Yeah, I know, "I wish". But really, sort of, kind of, in a roundabout way she did. In an earlier post she recommended books by C.S. Friedman, so I got a couple, and am well into his In Conquest Born. I usually read during lunch, and today I just couldn't put it down. Got back from lunch late.
My vacation is costing me almost as much up front as I plan to spend in-country. Today I bit the bullet and ordered the $275 travel pack by Eagle Creek. Nobody had it for less, nobody. REI had it on sale for $275, but then there's CA sales tax. Some online places charged tax plus shipping. Finally got it from eBags which has no CA sales tax and free shipping. That's way more than I wanted to spend on a piece of luggage, but I have a raft of excuses, starting with "it'll last a lifetime", and ending with "It's exactly the way I would have designed it". Interesting trivia is this is the 22" model - the bigger ones have a higher SRP but are on sale for as much as $100 less. Why? Because 22" is the carry-on size limit.
And I may need to spend a wee bit more and get some of those travel pack things which let you pump the air out and squeeze more clothes into the same space. But maybe not, since my plan is to only travel with 3 changes of clothes. This worked well for me last time - I bought T-shirts and shirts and pants along the route, didn't wear sox, and mailed my dirty laundry back home once a week, by surface mail, so I was home before it arrived.
Also arriving today were the Tevas I'll wear over there, and a blank journal from Paperblanks. The sandals are hybrids called Trail Wraptors. Initial try-out has them feeling pretty comfortable, and they are highly adjustable. I'm happy with this choice. The journal has a fake old leather look, with a heavy, slightly magnetized flap which will keep it closed. I'll put it in a giant zip-lock baggie for the trip.
For a change I have work to do, and for a change the place I work is not the problem. But it's been a sad week for customers. Hard drives failing, 3rd party repair people showing up without the parts they needed, or without the clues they should have had. But the worst one was this afternoon, when two identical machines at a customer site started refusing to work correctly, and would not completely recover from a reboot. I was able to log into one and do some magic to read the system logs, and they were definitely hacked. hundreds of failed password attempts in an hour, before something broke through. Suffice to say their password was something so easy to guess that someone should be shot.
Lucky for us & them, one of our senior engineers just happens to be on-site teaching a class, and has a free day tomorrow. He's the one who set the password, so....
I didn't want to spend the $$ before my vacation, but with 3 weeks of probably good biking weather ahead, I kinda had to.
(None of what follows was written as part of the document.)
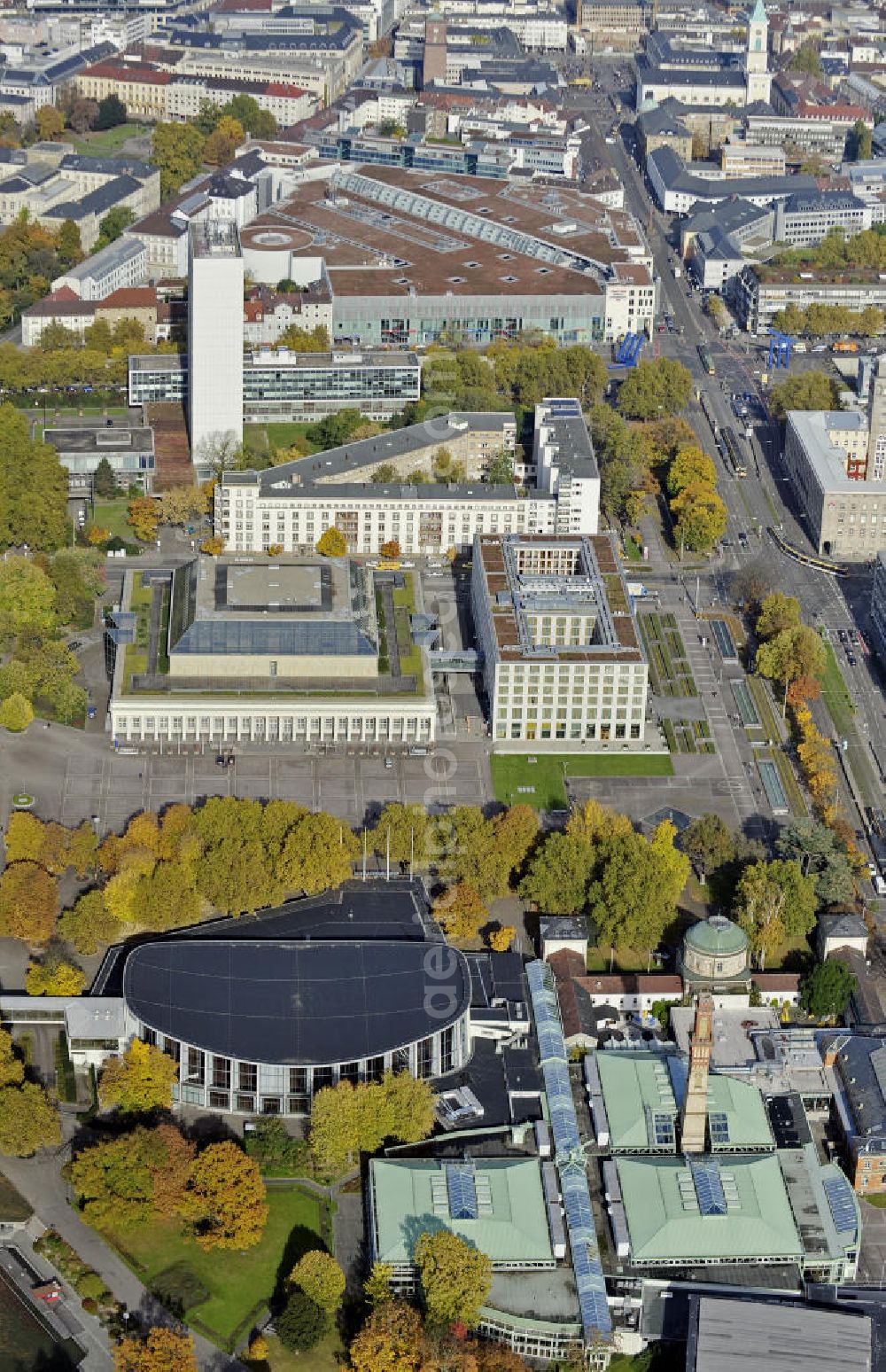 Karlsruhe from above - Blick auf das Kongresszentrum am Festplatz in Karlsruhe. Vorn die Schwarzwaldhalle, die Gartenhalle und das Vierordtbad. Im Hintergrund die Stadthalle und das Hotel Novotel. View of the Congress Center Karlsruhe.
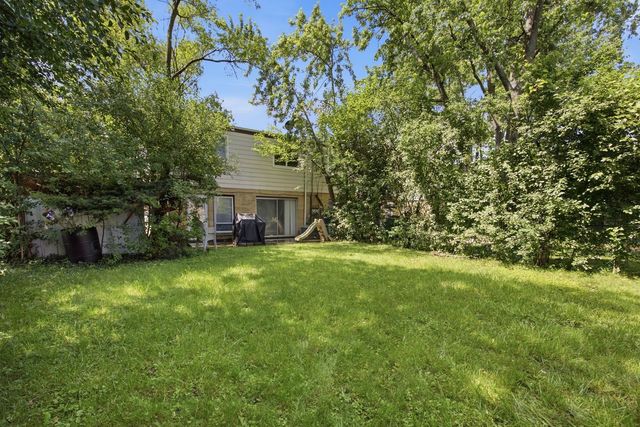 1142 Brighton Place, Glen Ellyn, IL 60137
So I took the bike to REI, and told them it needs:
- A tune-up
- New tires
- New inner tubes
- A replacement gear shift cable
- A new chain
- A new rear gear casket (maybe)
The good news is I was planning on spending as much for just the tune-up as they are charging for the whole thing. The reason being that with the actual repairs, they throw the tune-up in for 1/3 off. And replacing a chain means they don't need to clean it, so that saves bucks.
B of A just called, they have my Baht ready to pick up. It wasn't expected till tomorrow. Went there and spent forever waiting in line behind a Samoan man who was counting $1000 bills, and when it looked like he was all done he decided he needed a money order. And next was an older American man who spoke no Spanish with a young Hispanic man who spoke little English, needing to send money to another country. Fortunately they were in the wrong line and a manager came to take them to his office. The nice lady behind the counter had to wait for a second employee because it takes 2 keys to unlock the lock box, but she was very friendly and efficient, and laughed when I showed her how to read the Thai numbers on the bills, and then pointed out they also had the denominations in English. Easy to miss, since they are in a much smaller font diagonally across from the big Thai numbers.
So now I'm set for taxi and train fare, and for the first time ever have a 1000 Baht bill. They didn't have that denomination 30 years ago. Oddly enough, the portrait of the King on all these brand new bills shows him as a the youngster he was at coronation, instead of the 80-ish man he is today. Personally, I think he looks better in the photos from when he was in his 50's.
I have no plans at all. Maybe I'll rip some Sarah Chang CDs into the Sony mini-disk player. And maybe some Igor Kipnis too. Turns out the Sony software doesn't recognize my highly organized tree structure for saving WAV files, so it tries to put all 2500 tracks in alphabetical order instead of breaking them out by album. Boo, hiss. But it does work correctly if you feed it an album at a time. Or maybe I'll practice Perl for tomorrow's class. Or both.